# No1 Alpha.



## Trigger (Sep 16, 2011)

Aye. Having just done a SOTC,	what's the first thing you go and do? That's right... buy another watch. :wallbash:

The one I always hankered for has just been hoovered up for a reasonable price. The 'Grenade crown'.


----------



## Davey P (Sep 9, 2010)

Ha ha, excellent! :lol:


----------



## Kutusov (Apr 19, 2010)

Trigger said:


> Aye. Having just done a SOTC,	what's the first thing you go and do? That's right... buy another watch. :wallbash:
> 
> The one I always hankered for has just been hoovered up for a reasonable price. The 'Grenade crown'.


Not that it matters at all but I think that's not a "grenade" watch. Someone else has to verify this notion I have but I think a grenade watch refers not to the crown but to the day/date. It's a grenade watch when you have the day/date vertically on the 6 o'clock position like this:










It's pretty much the same thing, only the day and date wheels have to be different.


----------



## Trigger (Sep 16, 2011)

Kutusov said:


> Trigger said:
> 
> 
> > Aye. Having just done a SOTC,	what's the first thing you go and do? That's right... buy another watch. :wallbash:
> ...


You could well be right on that. The only one I can recall owning with day & date in that position was a Citizen Bullhead. There might have been another but there have been so many I can't be expected to remember!!!


----------



## Kutusov (Apr 19, 2010)

I've just googled it and couldn't confirm what I've said, I'm just basing myself on some vague memory of an old discussion here.

I did come across this grenade watch though...

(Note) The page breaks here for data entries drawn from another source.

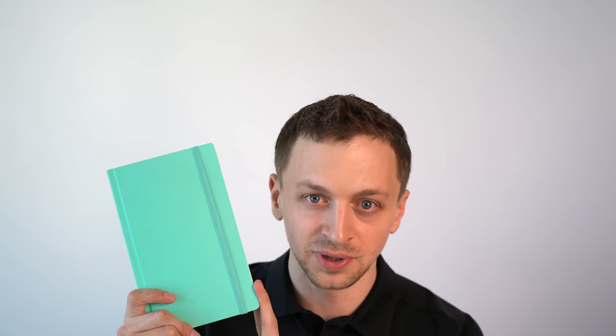Okay, so that's pretty much it. Do you guys have this notebook? Do you like this notebook? Let me know in the comment section below. If you like this video, please hit that like button. And if you want to see more fountain pen, paper, and ink videos, please hit that subscribe button. Thank you guys so much, and until next time.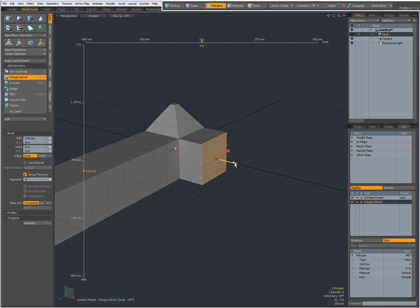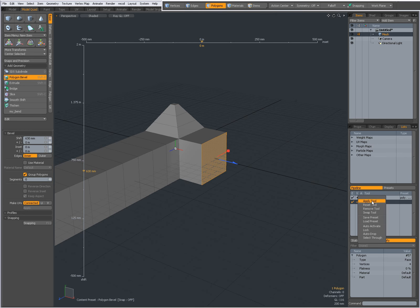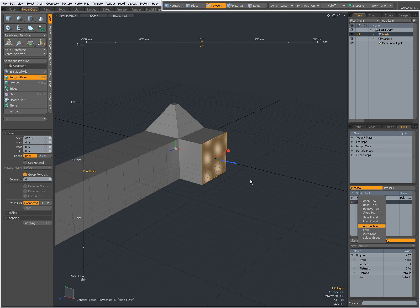In the tool pipeline video I showed you that you could activate auto-activate and auto-drop to reactivate the same bevel amount, but I forgot to mention that you can also do that by middle mouse button clicking.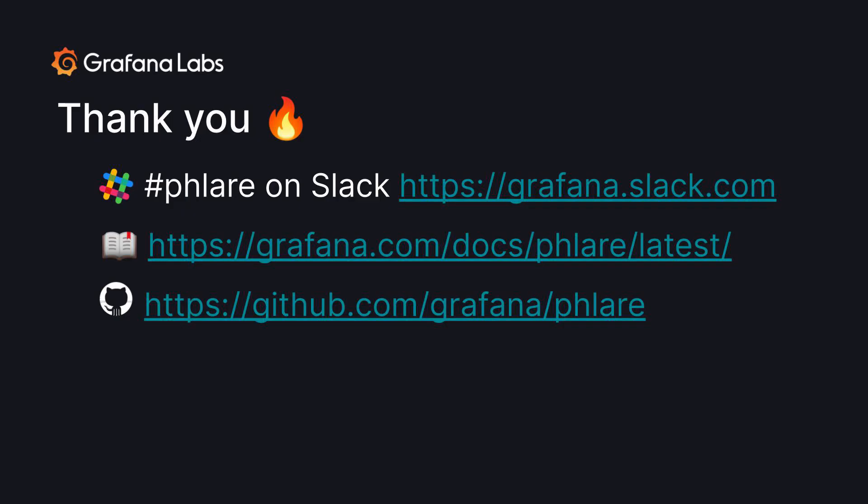This is how you get started with Grafana Flare. Thank you for joining. Feel free to look at the Grafana Flare repo and give us a star. Have a good day.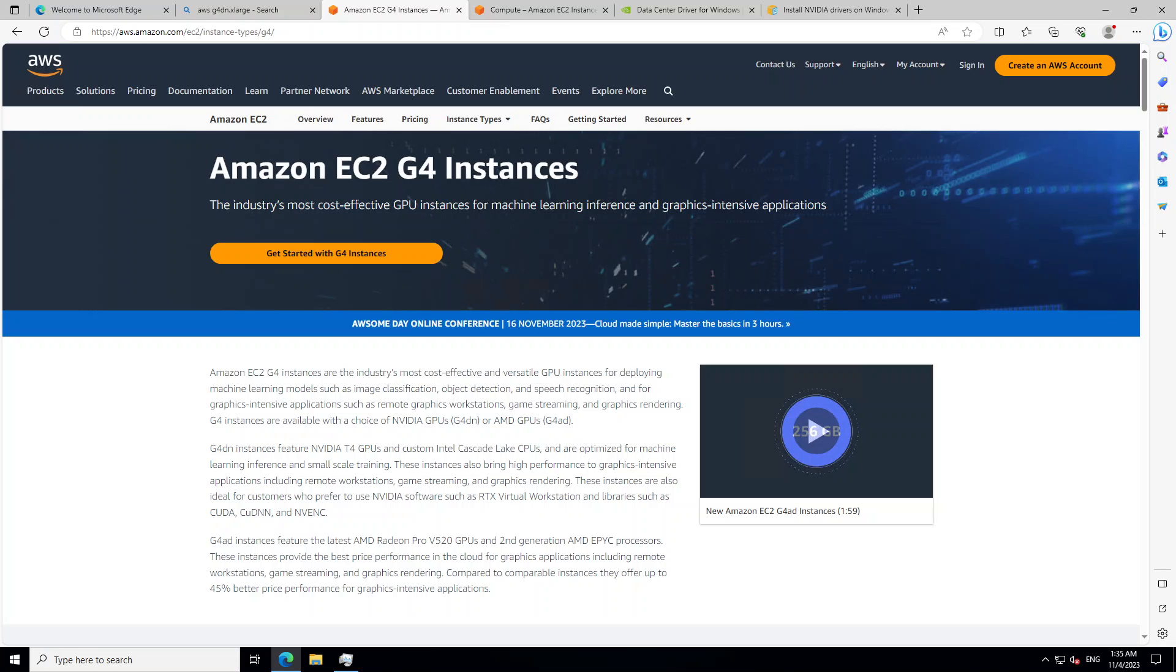Having said that, once you have provisioned these G4DN instances with Windows operating system, then normally you would think that in order to get your GPUs for your models or to use them, they would maybe come pre-installed with GPU drivers, but that is not the case.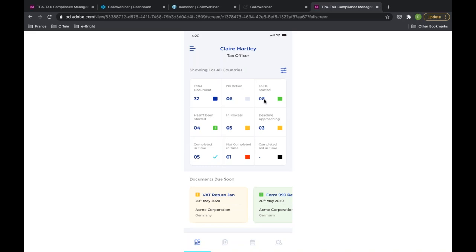The next color coding shows documents that haven't been started — they changed color because the accountable person didn't manually set the workflow to 'in process.' For example, if a tax officer is supposed to work on a VAT preparation that ends up in their mailbox as 'to be started' but they wait too long, the status stays and gets an exclamation mark. This alerts the head of tax to step in — either by adjusting the deadline or reassigning the work.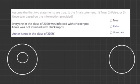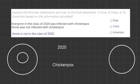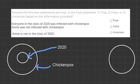The first statement is: everyone in the class of 2020 was infected with chickenpox. I'm going to write here '2020' for the class of 2020 and 'chickenpox' to match it up. The inside circle will be the class of 2020, and the outside circle represents everyone with chickenpox, meaning if you're in the class of 2020, you have to have chickenpox.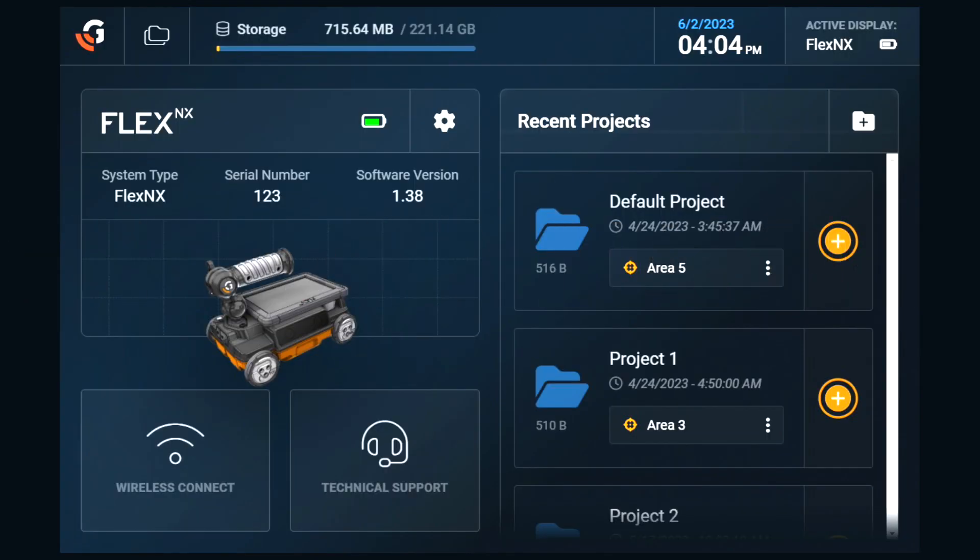The dashboard is the home screen of the Flex NX system. From here, we can start a new 2D scan, create a new project folder for our scan data and other media, configure and check our system settings, wirelessly connect to our personal devices, and connect a satellite antenna via near-field communication.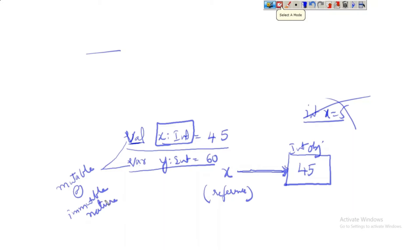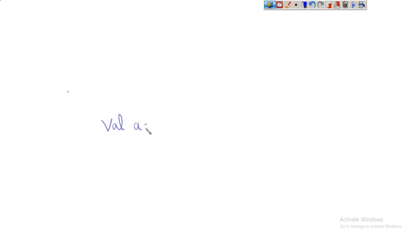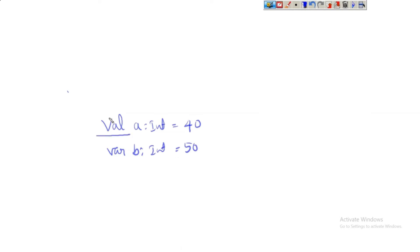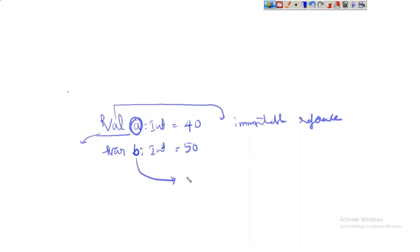Let's discuss the mutable and immutable nature of references x and y. With `val a: Int = 40` and `var b: Int = 50` — when we use the keyword `val`, it is going to create an immutable reference. So `a` will be created as an immutable reference. When we use the keyword `var`, the variable `b` will be created as a mutable reference.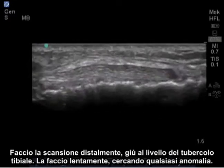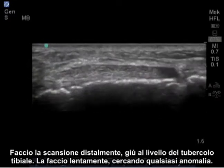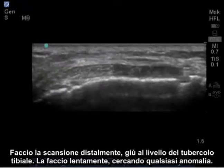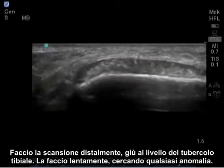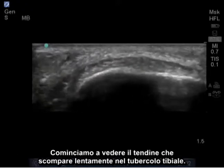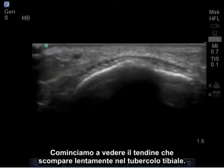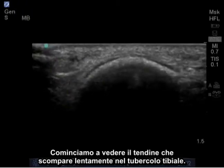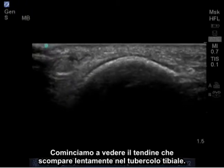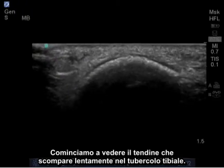I'm going to scan distally down to the tibial tubercle, slowly looking for irregularities. We'll begin to see the tendon slowly disappearing into the tibial tubercle.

I bet Scott loves the strap :lol:


----------



## Trigger (Sep 16, 2011)

Kutusov said:


> I've just googled it and couldn't confirm what I've said, I'm just basing myself on some vague memory of an old discussion here.
> 
> I did come across this grenade watch though...
> 
> ...


Hmmm. I might wear one of those the next time I fly off on holiday. I'll see you all in a few months.


----------



## Trigger (Sep 16, 2011)

Well well. A couple of nice surprises with this one. First up.. I was under the impression these were Chinese but this claims to be Miyota powered and the dial states "JAPAN MOVT". Chinese assembly?

What a ruddy size. The square, paving slab like case makes it seem gigantic. I was hugely impressed with it's heft when I clapped eyes on it. The watch comes in quite an impressive suede pouch with a little cardboard book, warranty card and even a hang tag. A well presented set for a watch of this value (Â£52 s/h - nearly new).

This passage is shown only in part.